The straightforward job description and simple requirements for process serving give many the impression that anyone can serve legal documents. This assumption is wrong. Only people who have a thorough understanding of New York’s Civil Practice Law and Rules, have unfailing patience, are familiar with the city’s streets and neighborhoods, and are trained to handle tense and potentially violent situations can succeed as process servers.
A Job for People Who Can Tough It Out
There is more to process serving than what the law says. It is a demanding job that can subject a person to difficult and sometimes dangerous people and situations:
- Process servers encounter aggressive people, many of whom have a knee-jerk response to retaliate out of fear or anger.
No one wants to get served because no one wants to welcome the possibility of going to jail or paying reparations. This is why many defendants evade service and, when found, show aggression towards the people serving them with legal papers.
The most common examples of aggressive behavior towards process servers are verbal abuse and attempts at physical abuse. Angry defendants are likely to curse and shout at process servers. Some even take a swing at the messenger. Anecdotes from experienced process servers include getting egged, punched, and chased away with threats of physical harm.
This is the reality of process serving: it is rarely easy, and only people who are smart, brave, and strong enough to face aggressive people can be successful at this line of work. Licensed process servers are equipped with the knowledge and ability to protect themselves. They are prepared to face the perils of the job, including a violent refusal.
- Process servers spend long hours on the road looking for evasive defendants.
Finding evasive defendants is part of the job description of a process server. Clients sometimes have very little information about the people they’re suing. For instance, the only address they have of the defendant could be an old residence or previous workplace. The respondent might have since moved, taken a vacation, or actively avoided being served.
Clients and their lawyers depend on process servers to find out where missing defendants currently live or work. As a result, process servers are often out on the streets looking for evasive defendants and studying their habits and daily routines. It’s not an exaggeration to say that process servers must have investigative skills and instincts: they may have to do stakeouts and tail people covertly for days. It also means that process servers spend the majority of their time outdoors, regardless of the weather or perceived safety of the neighborhoods where the respondents are staying. Experienced license servers have relevant tools and connections at their disposal to help them find the parties to be served.
The More Complex Challenges in Process Serving
The service of process becomes even more challenging when the situation requires a judgment call. Process serving can go wrong in many ways, especially when the respondent resists or retaliates.
New York City process servers do not merely serve documents; they analyze the situation and decide on the most effective way to carry out the task. To licensed and experienced servers, this comes as second nature. Having encountered different types of respondents prior, they have an idea of how the situation would play out and how to act.
An inexperienced process server might not be able to assess and respond to different kinds of respondents adequately.
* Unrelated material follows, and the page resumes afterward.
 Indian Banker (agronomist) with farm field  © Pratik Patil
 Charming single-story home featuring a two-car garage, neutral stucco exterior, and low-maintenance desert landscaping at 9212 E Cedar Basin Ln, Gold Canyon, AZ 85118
They might even overstep their boundaries and make the legal matter more complicated, to the inconvenience of the party seeking to serve the court papers.
Entering Private Properties
Process servers are not law enforcement officials, which means they do not have the authority to enter private properties on their own accord. In many cases, knocking on the front door is completely permitted, but not all respondents live in welcoming accommodations—especially those who are actively evading the servers. Things get complicated when the respondent lives in a vast estate plastered with “No Trespassing” signs. Process servers cannot ignore elements like these that could make the legal matter more complicated.
An experienced process server finds a way to circumvent the situation. As mentioned earlier, the process server might have to study their daily routines to find an excellent opportunity to serve. They might also turn to other locations, like the respondent’s workplace.
Keeping Abreast of Legal Regulations
There might be minute differences in how court papers should be served in different cases, and to make that even more complicated, these regulations are amended from time to time.
An inefficient process server might not be able to keep track of these changes. They might follow outdated policies and jeopardize the case. On the other hand, a dedicated process server actively keeps abreast of these legal regulations; it is part of their job. Clients and their lawyers have the peace of mind that the service of process will go as it should, and court order violations won’t occur.
Maintaining True Neutrality
A licensed process server knows how to uphold neutrality in serving court papers. Compared to other eligible individuals, they do not have any interest in or resentment toward the plaintiff and the defendant. Their only goal is to ensure that the respondent receives the summons according to due process. They know to uphold all parties’ privacy and stay out of matters outside their responsibility as a process server.
Other Job Requirements
In addition to having the mettle to endure abuses from angry defendants, professional process servers must also:
- Have a surety bond worth $10,000
- Learn the rules and regulations for the service of process by heart
- Pass the New York Process Server Individual Exam
- Get certified for electronic devices and recordkeeping
Anyone who does Personal or Substituted service five or more times a year must get a license, and the above are the main requirements.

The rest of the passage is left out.